You cannot apply human affections to their real children in the sense of number of Photographs to the relationship between the Emperor and the Primarchs, you simply can't.

Firstly the Emperor was arguably not psychologically human (see Signiture), secondly the Primarchs were not normal children.

When they were discovered they were already fully developed and had achieved things that were beyond almost all 'normal' humans - built interstellar empires, overthrown tyrants etc. We also don't know the psychology of the Primarchs, only that it was aloof to normal humans.

Also when you say 'oldest' you mean 'discovered first' right? Because it is implied that the Lion was actually created first, and therefore chronologically oldest. But Horus was discovered first.

The Reason that Alpharius wasn't treated with the same pomp, ceremony, and 'affection' that the earlier discovered Primarchs were is simply stated as because the Emperor was extremley busy and the Great Crusade was in full swing meaning that not only was there no point but there was also no time. 

Also look at the example of other Primarchs, Perturabo as an example was one of the first Primarchs found (Speculated to have been within the first 5) But did not share very good relations with the Emperor.



sundrinker said:


> alpharius is probably the most loyal primarch not to the emporor but the human race he threw in his lot with some random aliens and lost. but all to save the galaxy


That is assuming what is only implied in 'Legion' is actually what happened. Its not clear if Alpharius Omegon actually did as the Cabal wanted him to.

Always remember what Omegon notes on Page 399:

'If we are to prevail in this task ahead of us,' said Omegon, 'we must be secure and committed. We can not let our hand been seen too early, or have our undertaking betrayed. *Secrecy is, as always, our most potent weapon.*'

No where throughout the book does it state that Alpharius gives in to the demands of the Cabal.
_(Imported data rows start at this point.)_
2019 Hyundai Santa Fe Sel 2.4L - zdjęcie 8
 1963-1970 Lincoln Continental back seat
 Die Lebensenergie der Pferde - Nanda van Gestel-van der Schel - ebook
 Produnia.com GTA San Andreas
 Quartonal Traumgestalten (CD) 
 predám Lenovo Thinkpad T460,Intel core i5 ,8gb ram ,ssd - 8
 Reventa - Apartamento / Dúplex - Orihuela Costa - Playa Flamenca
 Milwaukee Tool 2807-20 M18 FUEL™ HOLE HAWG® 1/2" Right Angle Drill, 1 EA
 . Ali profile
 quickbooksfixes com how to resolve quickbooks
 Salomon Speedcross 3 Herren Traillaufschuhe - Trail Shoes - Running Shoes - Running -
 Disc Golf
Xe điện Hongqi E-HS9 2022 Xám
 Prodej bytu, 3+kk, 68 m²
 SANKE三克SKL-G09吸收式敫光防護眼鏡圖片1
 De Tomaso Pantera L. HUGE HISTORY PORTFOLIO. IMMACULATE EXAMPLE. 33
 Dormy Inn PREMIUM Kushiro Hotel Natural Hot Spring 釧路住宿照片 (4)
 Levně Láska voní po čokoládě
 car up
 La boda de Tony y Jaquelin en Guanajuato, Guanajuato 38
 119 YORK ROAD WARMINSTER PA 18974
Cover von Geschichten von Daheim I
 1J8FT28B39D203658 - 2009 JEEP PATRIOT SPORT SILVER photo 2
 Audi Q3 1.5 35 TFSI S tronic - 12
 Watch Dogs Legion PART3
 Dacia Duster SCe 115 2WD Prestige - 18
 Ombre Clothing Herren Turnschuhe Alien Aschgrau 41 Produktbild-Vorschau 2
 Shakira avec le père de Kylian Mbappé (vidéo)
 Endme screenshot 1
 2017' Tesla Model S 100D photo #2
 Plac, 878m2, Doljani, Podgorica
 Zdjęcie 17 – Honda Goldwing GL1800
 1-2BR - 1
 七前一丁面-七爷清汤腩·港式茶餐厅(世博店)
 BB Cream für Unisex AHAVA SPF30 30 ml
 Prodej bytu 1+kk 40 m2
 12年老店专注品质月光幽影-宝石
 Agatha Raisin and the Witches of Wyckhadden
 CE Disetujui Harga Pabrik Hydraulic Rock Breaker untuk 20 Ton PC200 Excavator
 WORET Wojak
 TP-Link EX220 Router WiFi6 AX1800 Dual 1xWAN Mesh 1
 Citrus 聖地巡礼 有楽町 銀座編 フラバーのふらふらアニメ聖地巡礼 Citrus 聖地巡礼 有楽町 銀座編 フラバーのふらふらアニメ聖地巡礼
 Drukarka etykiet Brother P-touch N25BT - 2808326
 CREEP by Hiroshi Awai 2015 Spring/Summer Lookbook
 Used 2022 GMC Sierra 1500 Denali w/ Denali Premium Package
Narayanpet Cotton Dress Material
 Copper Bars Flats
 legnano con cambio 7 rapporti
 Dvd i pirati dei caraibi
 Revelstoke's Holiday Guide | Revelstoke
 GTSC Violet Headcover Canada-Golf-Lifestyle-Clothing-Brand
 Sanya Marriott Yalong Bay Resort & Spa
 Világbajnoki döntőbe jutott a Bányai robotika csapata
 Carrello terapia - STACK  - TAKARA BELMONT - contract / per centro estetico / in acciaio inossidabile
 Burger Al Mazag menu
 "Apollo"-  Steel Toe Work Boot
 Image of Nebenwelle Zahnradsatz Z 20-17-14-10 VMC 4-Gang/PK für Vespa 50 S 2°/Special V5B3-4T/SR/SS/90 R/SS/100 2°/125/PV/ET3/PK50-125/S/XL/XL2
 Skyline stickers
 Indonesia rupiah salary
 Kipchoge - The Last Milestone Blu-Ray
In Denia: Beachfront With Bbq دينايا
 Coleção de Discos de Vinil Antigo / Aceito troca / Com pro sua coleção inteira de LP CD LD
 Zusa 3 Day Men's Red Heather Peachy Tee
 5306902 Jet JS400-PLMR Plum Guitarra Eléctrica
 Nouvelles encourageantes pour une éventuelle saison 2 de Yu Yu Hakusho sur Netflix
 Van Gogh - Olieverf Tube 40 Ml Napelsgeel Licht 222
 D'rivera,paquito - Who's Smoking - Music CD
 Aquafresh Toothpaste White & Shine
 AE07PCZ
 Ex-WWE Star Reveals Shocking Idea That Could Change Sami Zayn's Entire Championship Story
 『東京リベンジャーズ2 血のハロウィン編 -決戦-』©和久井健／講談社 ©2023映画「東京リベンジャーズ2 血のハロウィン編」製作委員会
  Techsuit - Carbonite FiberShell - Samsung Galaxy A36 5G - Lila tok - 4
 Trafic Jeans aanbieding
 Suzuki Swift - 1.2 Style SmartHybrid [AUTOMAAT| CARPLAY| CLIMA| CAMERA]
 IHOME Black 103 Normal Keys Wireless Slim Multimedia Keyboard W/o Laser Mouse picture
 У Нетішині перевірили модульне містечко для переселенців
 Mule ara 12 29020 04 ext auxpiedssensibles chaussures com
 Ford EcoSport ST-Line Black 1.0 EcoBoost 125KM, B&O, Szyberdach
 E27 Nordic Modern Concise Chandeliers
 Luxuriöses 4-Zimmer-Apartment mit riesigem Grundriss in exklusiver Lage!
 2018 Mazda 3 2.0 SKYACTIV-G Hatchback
Given Alpharius' comments to the Cabal and his fellow Astartes, its also plausable to suggest that he is actually one of the most loyal Primarchs to the Emperor. Also how is the most loyal Primarch to the Human Race? If he did indeed do as the Cabal wished then he condemned the entire species of mankind, hardly loyalty!



sundrinker said:


> omegon on the other hand.....


?


----------



## scolatae (Aug 25, 2008)

Child-of-the-Emperor said:


> You cannot apply human affections to their real children in the sense of number of Photographs to the relationship between the Emperor and the Primarchs, you simply can't.
> 
> Firstly the Emperor was arguably not psychologically human (see Signiture), secondly the Primarchs were not normal children.
> 
> ...


No not loyalty neccesity.


----------



## sundrinker (Aug 7, 2009)

loyal to the human race saving them from thousands of years of torture and mutation.


----------



## Iron Within (Mar 15, 2008)

Skye said:


> Night Haunter HATED Dorn (almost beat him into a grease spot...)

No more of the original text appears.